Neenu Suresh, a research scholar of National Law School (NLS) and a member of the Bengaluru Collective addressing the protesters. Event was organized by The Student Outpost and the Bengaluru Collective at Town Hall in Bengaluru on Saturday evening.

Students, teachers, lawyers, academics and rights activists from different groups and walks of life assembled together at Town Hall here on Saturday evening to protest against the Central Government’s ‘anti-student’ education policies and to extend solidarity to the ‘Dilli Chalo’ movement.  

The programme began with a prayer and a minute of silence to pay respect to the soldiers who lost their lives in the Pulwama terror attack. Then, there were several speeches, slogans, songs and colourful placards that proclaimed their interest to ‘stop the communalisation, centralisation and commercialisation’ of education in India.

Explaining to DH the reason for holding such a protest, Neenu Suresh, a research scholar of National Law School (NLS) and a member of the Bengaluru Collective, who along with the student group called the Student Outpost (TSO) organised the protest, said that their aim was to originally hold a seminar but then felt the need to protest to give students a voice.

“It’s not actually a sudden thing and as we know in Karnataka, there is a limitation on student unions and protests here. So this meeting becomes all the more important. When students across the country have been protesting for the past five years against many different government measures such as slashing of scholarships, cutting of research grants and plans of scrapping the UGC, students of Bengaluru, which has many premier institutions of the country, felt that they must come out and show solidarity with other student struggles,” she argued.

Shalom, an organising member of the TSO, also addressed the crowd whose composition included a wide range of local institutions and urged the students of Bengaluru to pull together to overturn the ban on student unions.

“We, the students of Bengaluru, are afraid of politics and are apathetic to it. No student unions are allowed to represent our interests even though we have nominated councils that organise our college festivals. Until we don’t demand and ask our college management to grant us our rights, how do we expect to fight the government on bigger questions of justice? I urge you all to go back to your colleges and demand revocation of the student union ban,”  said Shalom.

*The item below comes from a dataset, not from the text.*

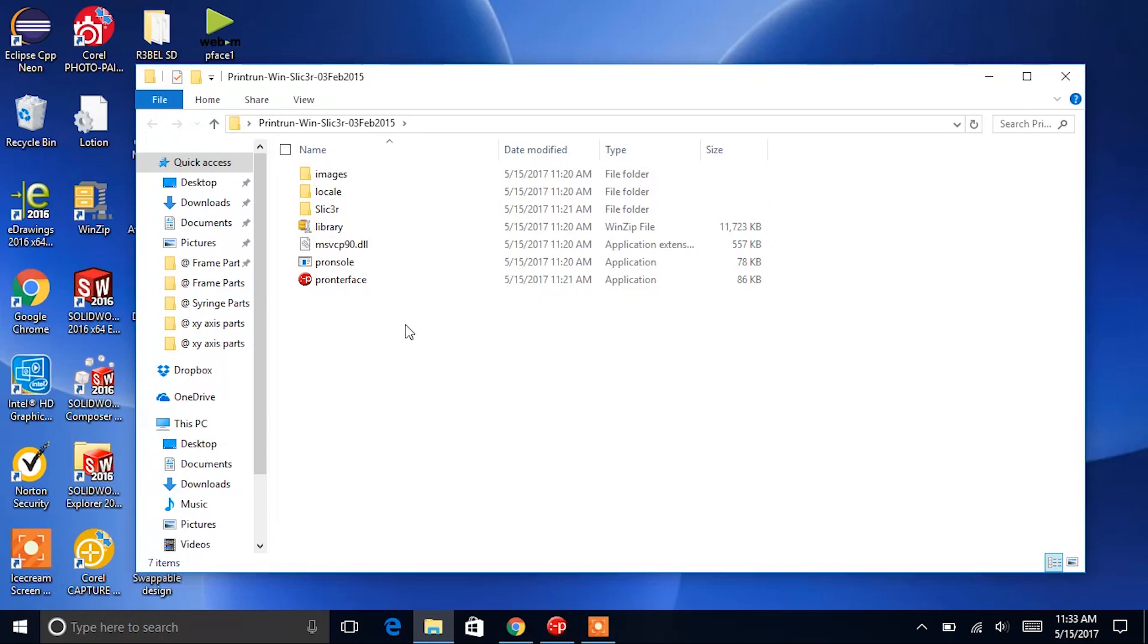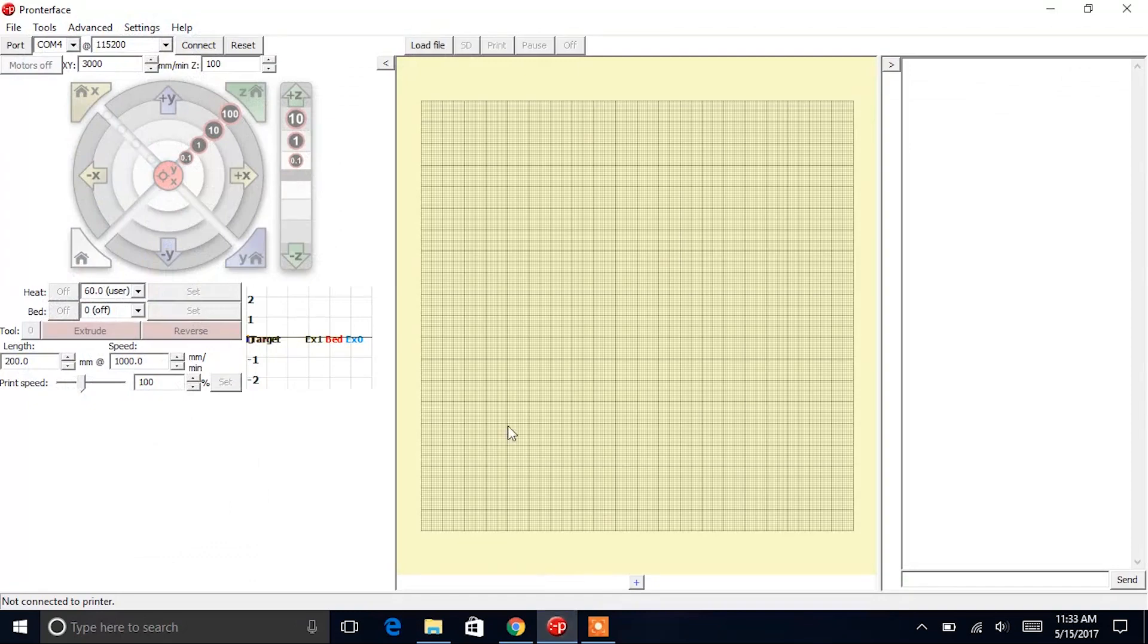From the Printrun folder, go ahead and open the Pronterface application. Pronterface is used to communicate with your printer.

When questioned, other students cited other instances of government policies that prompted them to attend such an event.

“Communalisation of education is attacking the very basis of knowledge and we have seen the willful distortion of history by the present government, which is encouraging dangerous trends such as Islamophobia and Casteism,” said Ardra, a 23-year-old student.

Suvarat, a researcher at the International Centre for Theoretical Sciences (ICTS), meanwhile, lamented that the fact the current government has not delivered on its promises on education. 

“They had pledged 6% GDP spending on education in their manifesto but what we saw was less than 3% in 2018. The other issue is that with increased privatisation, as is the case with the US where publicly taxpayer-funded research will continue to create breakthroughs but the profits and benefits will be passed on to the private players,” he argued.